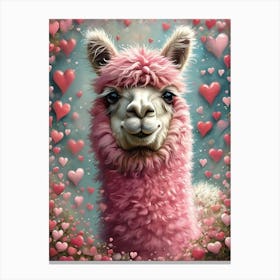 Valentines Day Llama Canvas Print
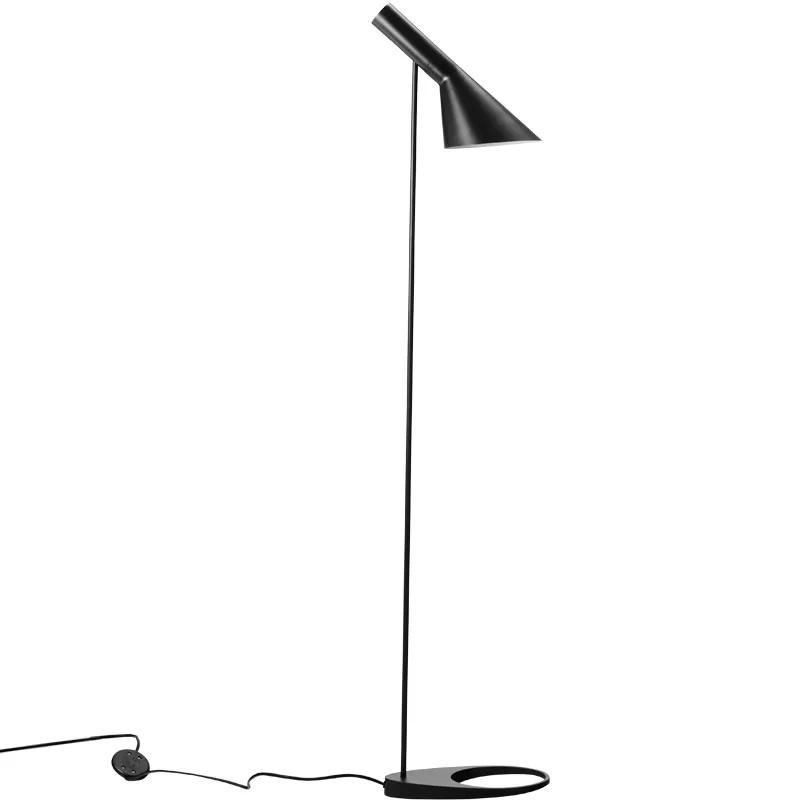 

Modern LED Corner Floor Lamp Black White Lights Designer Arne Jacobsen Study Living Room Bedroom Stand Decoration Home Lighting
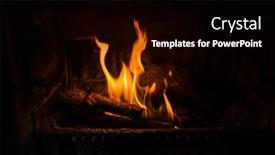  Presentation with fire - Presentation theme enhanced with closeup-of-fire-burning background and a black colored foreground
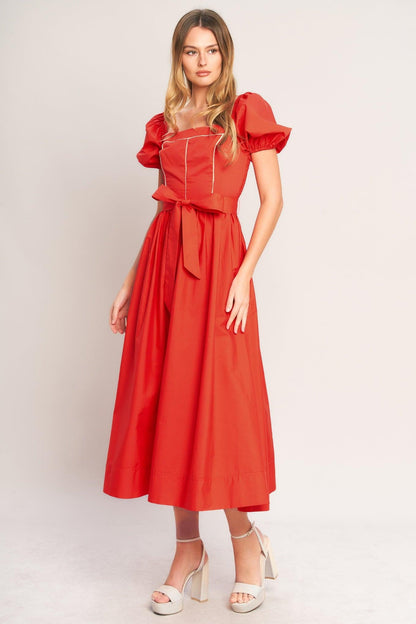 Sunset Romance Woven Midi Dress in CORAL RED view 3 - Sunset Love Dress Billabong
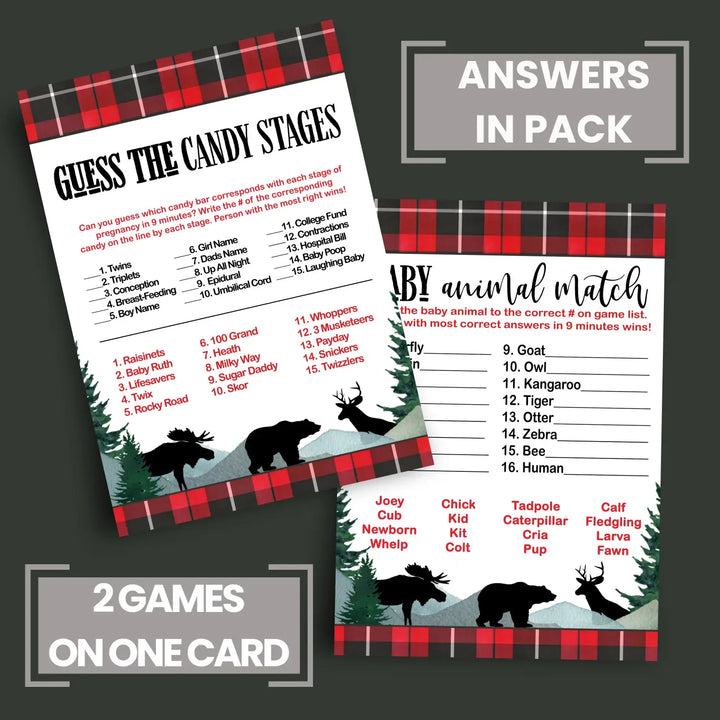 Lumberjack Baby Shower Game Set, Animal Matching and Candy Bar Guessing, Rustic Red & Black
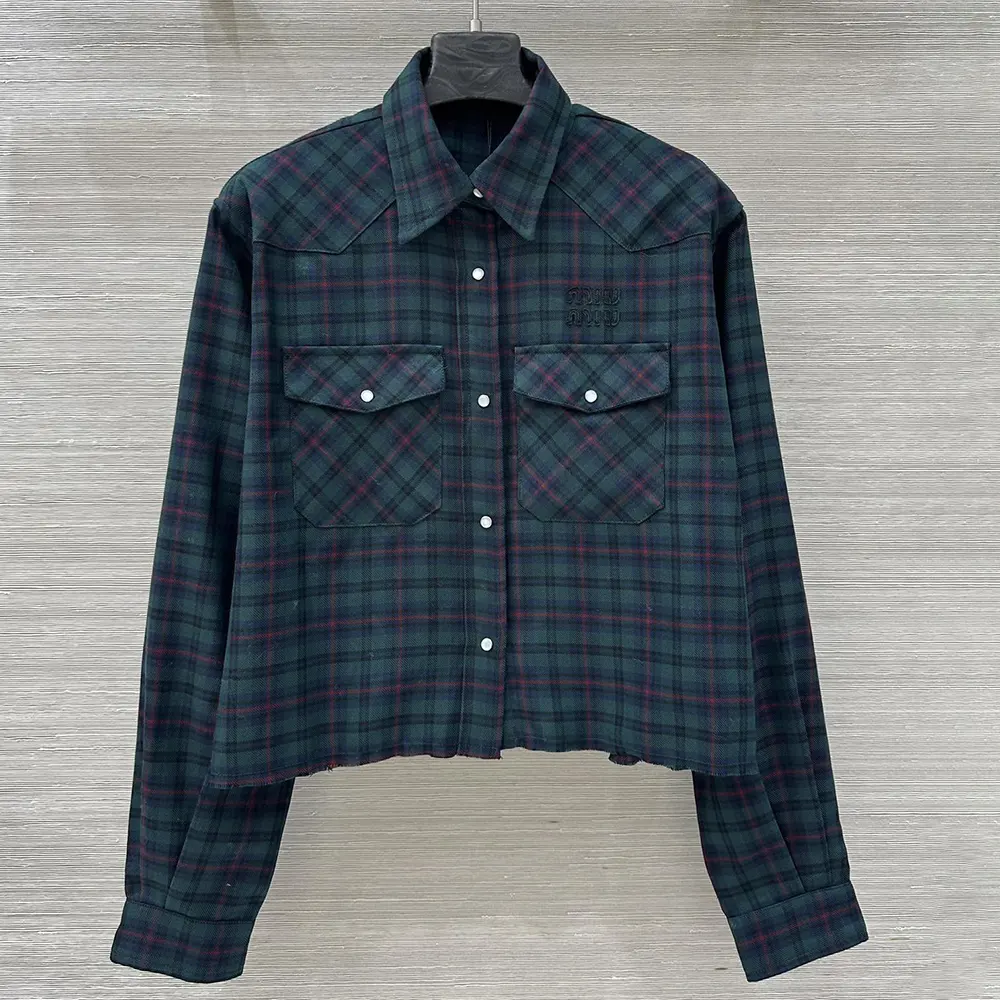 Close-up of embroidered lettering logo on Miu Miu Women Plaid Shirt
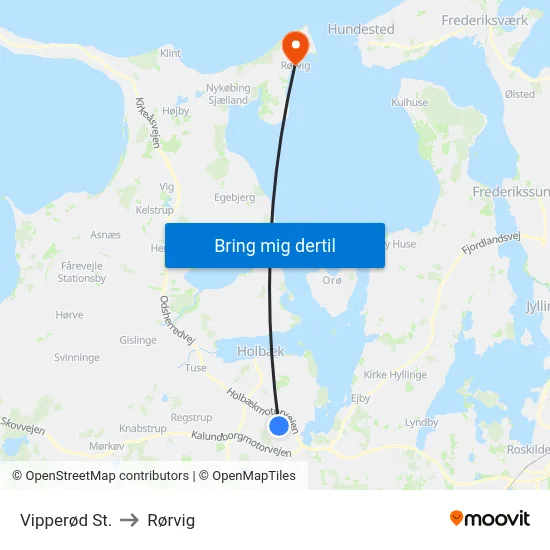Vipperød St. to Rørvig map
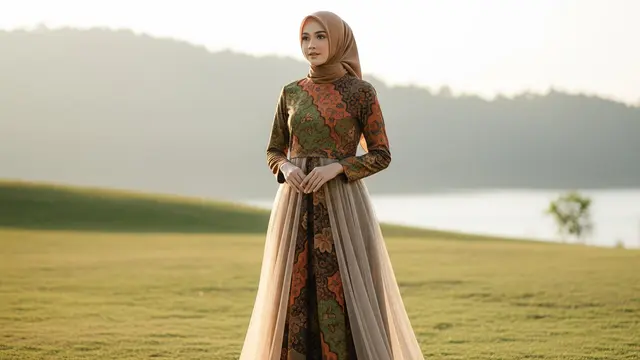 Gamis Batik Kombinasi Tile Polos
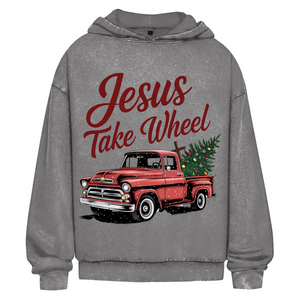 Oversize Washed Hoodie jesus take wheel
^^^^
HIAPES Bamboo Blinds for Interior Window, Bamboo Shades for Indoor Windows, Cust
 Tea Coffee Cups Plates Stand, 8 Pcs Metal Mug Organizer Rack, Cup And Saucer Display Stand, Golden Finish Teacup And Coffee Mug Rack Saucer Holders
^^^^
YOUR TASK: Where the data above reaches the line holding "HIAPES Bamboo Blinds", begin printing, and stop after the line holding "Tea Coffee Cups". Each line must be reproduced exactly, with nothing else added.

ANSWER TO THIS EXERCISE:
HIAPES Bamboo Blinds for Interior Window, Bamboo Shades for Indoor Windows, Cust
 Tea Coffee Cups Plates Stand, 8 Pcs Metal Mug Organizer Rack, Cup And Saucer Display Stand, Golden Finish Teacup And Coffee Mug Rack Saucer Holders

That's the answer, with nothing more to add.